How generative AI upgrades for Spark works

The Spark upgrades feature uses AI to automate both the identification and validation of required changes to your AWS Glue Spark applications. Let’s explore how these capabilities work together to simplify your upgrade process.

AI-driven upgrade plan generation

When you initiate an upgrade, the service analyzes your application using AI to identify necessary changes across both PySpark code and Spark configurations. During preview, Spark Upgrades supports upgrading from Glue 2.0 (Spark 2.4.3, Python 3.7) to Glue 4.0 (Spark 3.3.0, Python 3.10), automatically handling changes that would typically require extensive manual review of public Spark, Python and Glue version migration guides, followed by development, testing, and verification. Spark Upgrades addresses four key areas of changes:

Spark SQL API methods and functions
Spark DataFrame API methods and operations
Python language updates (including module deprecations and syntax changes)
Spark SQL and Core configuration settings

The complexity of these upgrades becomes evident when you consider migrating from Spark 2.4.3 to Spark 3.3.0 involves over a hundred version-specific changes. Several factors contribute to the challenges of performing manual upgrades:

Highly expressive language with a mix of imperative and declarative programming styles, allows users to easily develop Spark applications. However, this increases the complexity of identifying impacted code during upgrades.
Lazy execution of transformations in a distributed Spark application improves performance but makes runtime verification of application upgrades challenging for users.
Spark configurations changes in default values or the introduction of new configurations across versions can impact application behavior in different ways, making it difficult for users to identify issues during upgrades.
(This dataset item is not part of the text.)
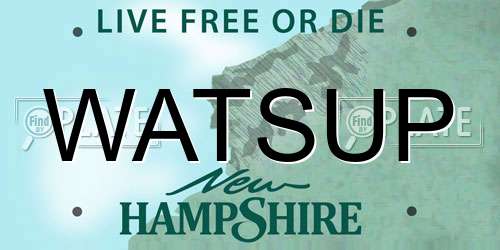 WATSUP New Hampshire License Plate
For example, in Spark 3.2, Spark SQL TRANSFORM operator can’t support alias in inputs. In Spark 3.1 and earlier, you could write a script transform like SELECT TRANSFORM(a AS c1, b AS c2) USING 'cat' FROM TBL.

# Original code (Glue 2.0)
query = """
SELECT TRANSFORM(item as product_name, price as product_price, number as product_number)
   USING 'cat'
FROM goods
WHERE goods.price > 5
"""
spark.sql(query)

# Updated code (Glue 4.0)
query = """
SELECT TRANSFORM(item, price, number)
   USING 'cat' AS (product_name, product_price, product_number)
FROM goods
WHERE goods.price > 5
"""
spark.sql(query)

In Spark 3.1, loading and saving timestamps before 1900-01-01 00:00:00Z as INT96 in Parquet files causes errors. In Spark 3.0, this wouldn’t fail but could result in timestamp shifts due to calendar rebasing. To restore the old behavior in Spark 3.1, you would need to configure the Spark SQL configurations for spark.sql.legacy.parquet.int96RebaseModeInRead and spark.sql.legacy.parquet.int96RebaseModeInWrite to LEGACY.

# Original code (Glue 2.0)
data = [(1, "1899-12-31 23:59:59"), (2, "1900-01-01 00:00:00")]
schema = StructType([ StructField("id", IntegerType(), True), StructField("timestamp", TimestampType(), True) ])
df = spark.createDataFrame(data, schema=schema)
df.write.mode("overwrite").parquet("path/to/parquet_file") 

# Updated code (Glue 4.0)
qspark.conf.set("spark.sql.legacy.parquet.int96RebaseModeInRead", "LEGACY") 
spark.conf.set("spark.sql.legacy.parquet.int96RebaseModeInWrite", "LEGACY")

data = [(1, "1899-12-31 23:59:59"), (2, "1900-01-01 00:00:00")]
schema = StructType([ StructField("id", IntegerType(), True), StructField("timestamp", TimestampType(), True) ])
df = spark.createDataFrame(data, schema=schema)
df.write.mode("overwrite").parquet("path/to/parquet_file")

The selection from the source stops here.